If the segment is a OverridableSegmentValue and the referenced instance no longer exists.

Returns:

Type Description
Model

The referenced instance.

Source code in wagtail_localize/segments/ingest.py
def handle_related_object(related_model, src_locale, tgt_locale, segments):
    """
    Returns the instance of the related object that is referenced by the given segments.

    This is called when inserting segments into a ForeignKey or ChooserBlock.

    Raises:
        Model.DoesNotExist: If the segment is a RelatedObjectValue and the related object doesn't exist in the target locale.
        Model.DoesNotExist: If the segment is a OverridableSegmentValue and the referenced instance no longer exists.

    Returns:
        Model: The referenced instance.
    """
    if len(segments) > 1:
        raise ValueError("Related object field can only have a single segment.
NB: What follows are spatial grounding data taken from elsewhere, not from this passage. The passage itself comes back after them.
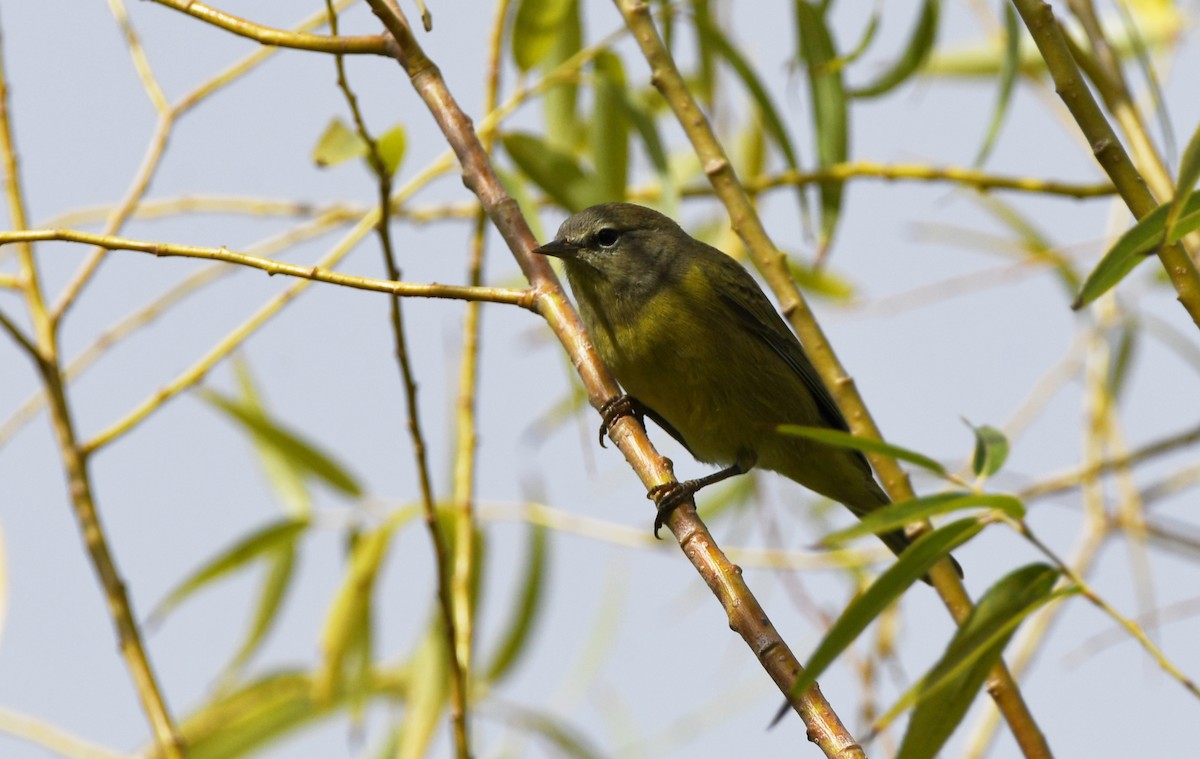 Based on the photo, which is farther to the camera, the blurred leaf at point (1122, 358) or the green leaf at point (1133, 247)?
the blurred leaf at point (1122, 358)

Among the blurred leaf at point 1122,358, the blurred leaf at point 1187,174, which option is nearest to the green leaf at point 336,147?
the blurred leaf at point 1187,174

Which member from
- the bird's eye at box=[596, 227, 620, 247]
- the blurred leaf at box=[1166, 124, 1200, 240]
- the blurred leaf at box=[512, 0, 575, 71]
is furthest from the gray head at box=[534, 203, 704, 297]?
the blurred leaf at box=[1166, 124, 1200, 240]

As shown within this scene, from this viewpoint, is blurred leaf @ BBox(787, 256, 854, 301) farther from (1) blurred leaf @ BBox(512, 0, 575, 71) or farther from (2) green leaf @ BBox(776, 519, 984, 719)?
(2) green leaf @ BBox(776, 519, 984, 719)

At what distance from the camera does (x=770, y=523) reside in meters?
4.09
Found {}".format(len(segments)))

    segment = segments[0]

    if isinstance(segment, OverridableSegmentValue):
        return related_model.objects.get(pk=segment.data)

    else:
        # Assume it's a RelatedObjectValue
        return segment.get_instance(tgt_locale)

ingest_segments(original_obj, translated_obj, src_locale, tgt_locale, segments)

Ingests translated segments into a translated instance.

Parameters:

Name Type Description Default
original_obj Model

The original instance that the segments were extracted from.

required
translated_obj Model

The translated instance that we are ingesting segments into.

required
src_local Locale

The locale of the source instance.

required
tgt_locale Locale

The locale of the translated instance

required
segments list[StringSegmentValue, TemplateSegmentValue, RelatedObjectSegmentValue, or OverridableSegmentValue]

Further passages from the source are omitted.